The link to the National Gallery’s acquisition and its Gauguin exhibition isn’t about whether Gauguin’s paedophilia and his painting of Tahitian girls can be supported or not on artistic grounds. (No, Rolf, it can’t.) The link is in the fact of colonial exploitation, of which Gauguin’s was just one small and nasty episode in an ongoing history.

France sent its first missionaries to French Polynesia in 1834, its first gunboats in 1838, and it began its military takeover six years later. Its interests were always more strategic than economic, and it maintains a military base – just in case France faces a threat before its island colonies go under rising sea levels.

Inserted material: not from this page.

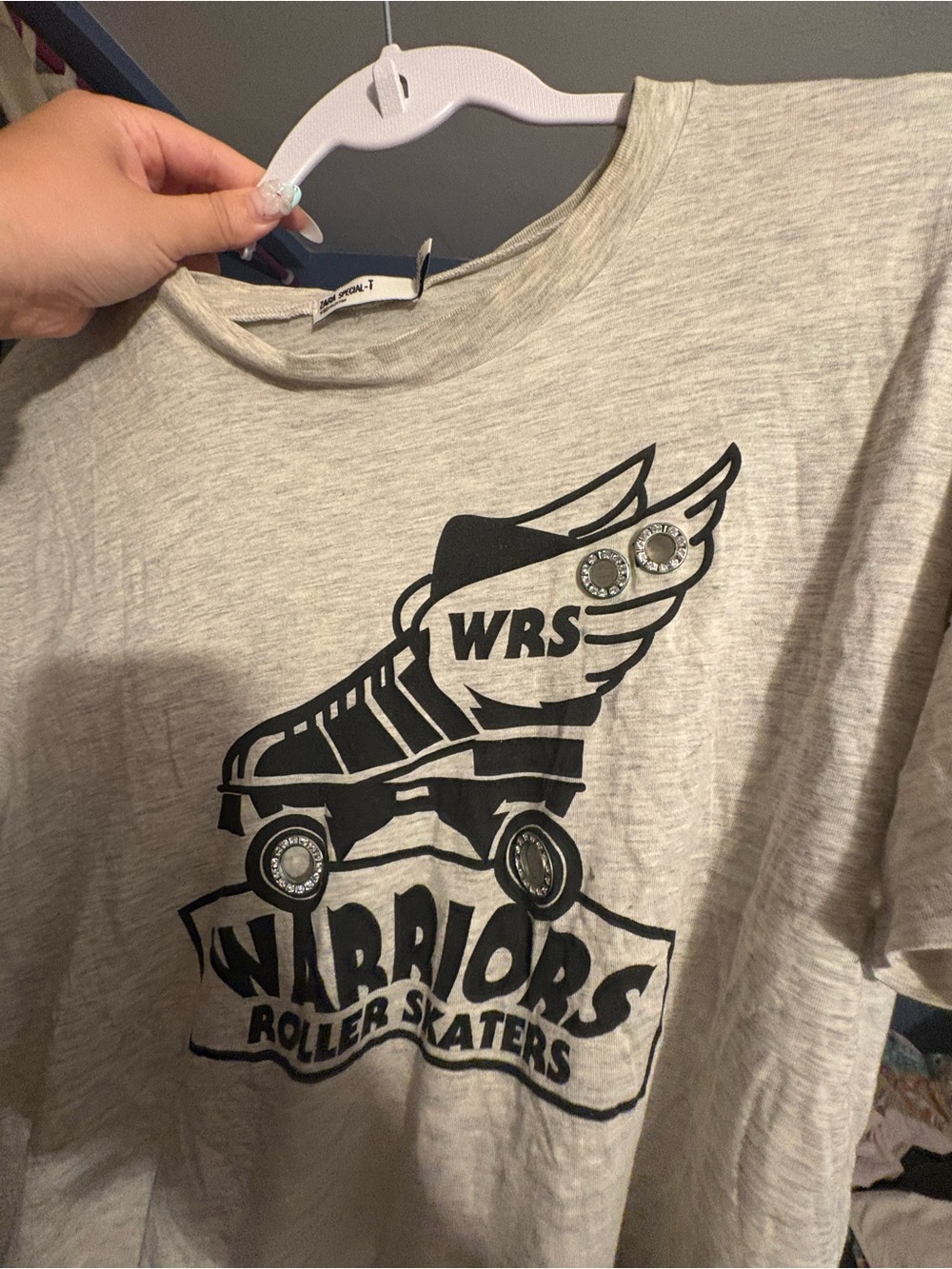 ZARA Warriors Roller Skaters Graphic T-Shirt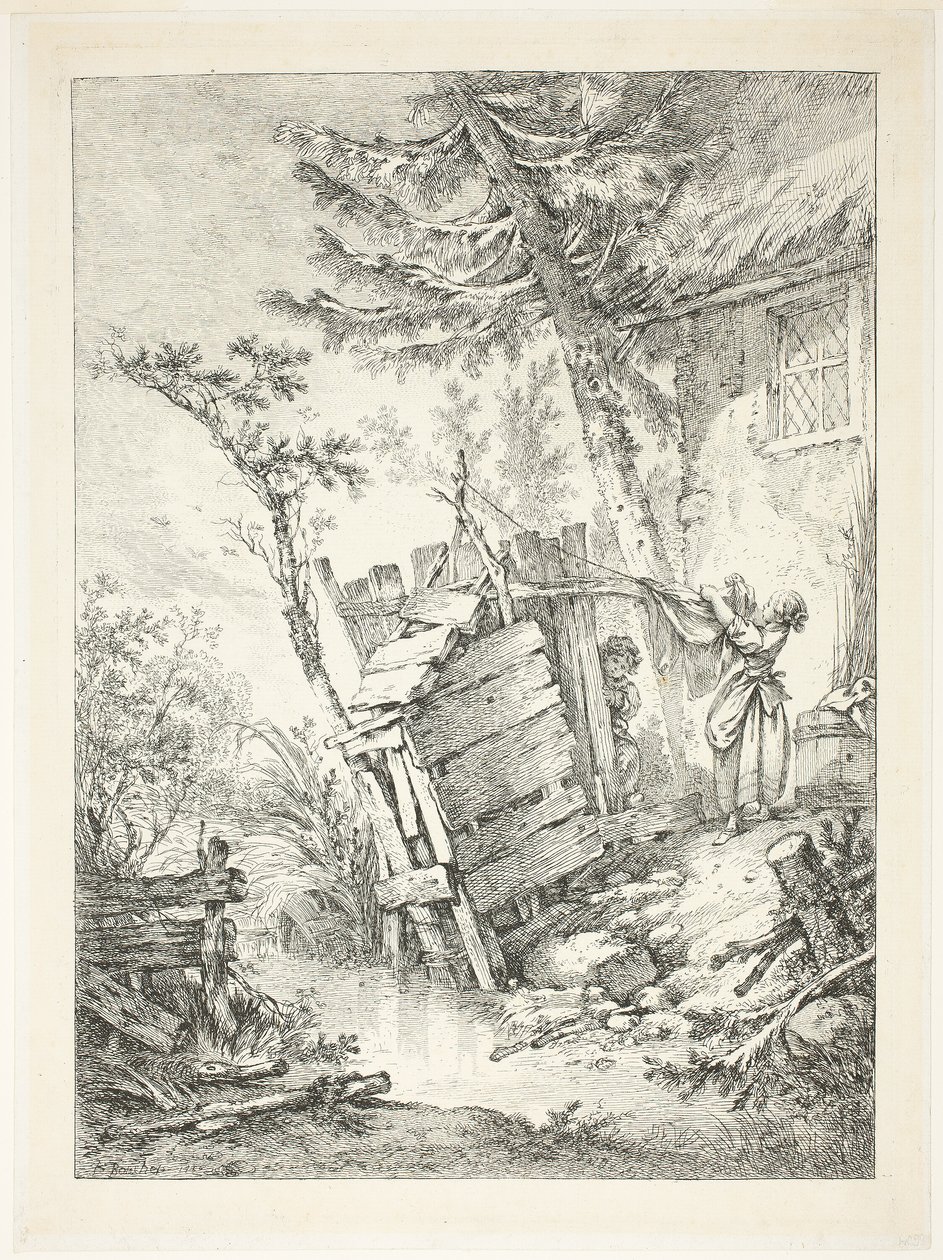 Pesumekko tekijältä François Boucher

Politically, the Tahitian independence movement has been in open struggle with French loyalist parties for the past 20 years, and the question of its people’s freedom remains a hot one.

Most of us love things French, but it’s well to remember that when Marine Le Pen races for the presidency in 2027 against whoever the opposite pole throws up, they are not competing over wine and cancans; French presidents have their hands on an anachronistic empire and a stockpile of 290 nuclear warheads. Any French political meltdown goes far beyond French borders.

The line between a genocidal act of empire, religious indoctrination, through male painters abandoning their wives and children to practise their art among colonised people, through the use of these islands and their waters as nuclear dumping grounds, through the excesses of anthropogenic climate change, all the way to the showcasing of a Western idea of paradise for entertainment, is a continuous one.

Australia has been complicit to varying degrees all along, and the purchase of the Gauguin deepens our complicity by another $10 million: just a drop in the ocean until you think about it more deeply.

Malcolm Knox is an author and regular columnist.